Israeli Defence Minister Ehud Barak has described his country as “a villa in the middle of a jungle”.
But Barak’s “jungle” has become increasingly dangerous. What happens to the villa when a wind of change sweeps through? What can be made of Israel’s reaction to the Arab unrest, which has destabilised both a tepid friend (Egypt) and a bitter enemy (Syria)?
Security has emerged as a fundamental theme in the Israeli response to Arab unrest. The Israeli leadership has overlooked the popular nature of these revolutions to argue that the fall of regimes in North Africa and (potentially) the Middle East is actually bad news for Israel.
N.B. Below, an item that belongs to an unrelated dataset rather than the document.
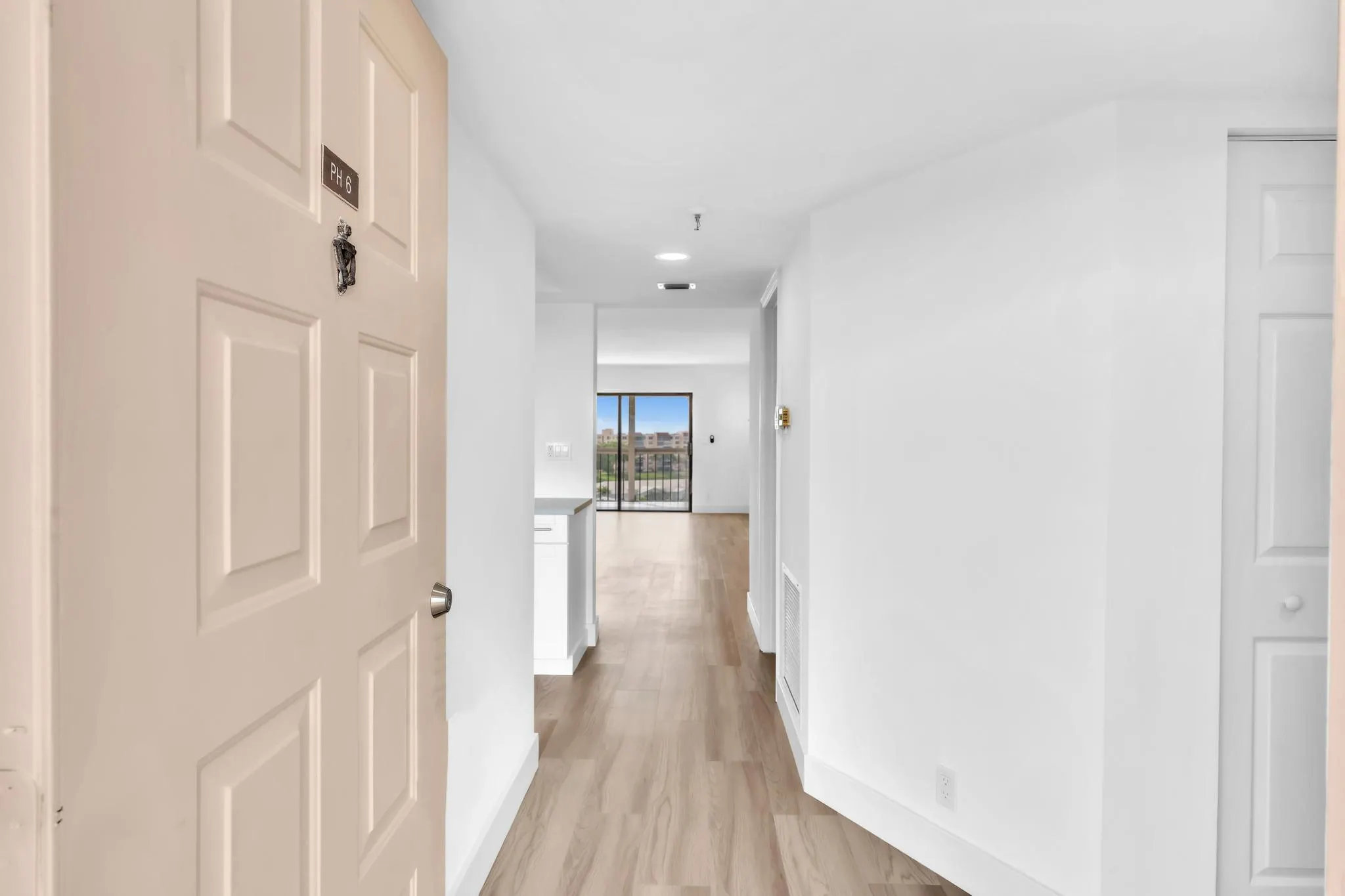 7076 Huntington Lane, #208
Prime Minister Binyamin Netanyahu quickly established a connection between the spread of regional unrest and the Palestinian conflict, arguing that Israel is as insecure as it has ever has been. The new regional reality was therefore exploited to motivate future Israeli intransigence vis-à-vis the Israel-Palestine peace process.
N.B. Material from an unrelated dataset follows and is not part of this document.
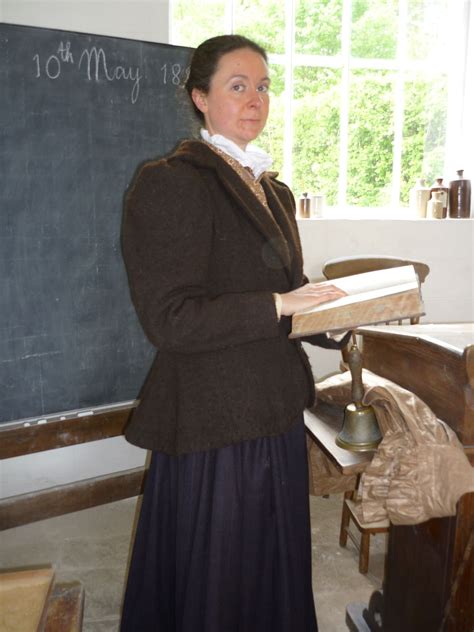 School Teacher 1890 Nun Dress Neck Dress Fashion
Islam became the preferred lens through which to analyse the situations in Egypt and Syria. The election of Mohamed Morsi in Egypt and the possibility of a radical regime in post-Assad Syria have become part of the same narrative: an Arab Spring equates to a Salafi winter.
It seems a bit premature to associate post-revolutionary transitions in the Middle East with the emergence of fundamentalist regimes throughout the region. Nevertheless, a few questions have to be asked about the impact that regime change in Cairo and Damascus might have on Israeli security.
Israel’s security concerns about post-Mubarak Egypt largely turn on the 1979 peace treaty. The religious disposition of the Morsi administration may well lead to the cancellation of the treaty and a deterioration of ties with its southern neighbour.
The Egyptian government’s mild response to the sabotage attempts at the Arab Gas pipeline and the attack on the Israeli embassy in Cairo are the most visible indications of tolerance of anti-Israeli action.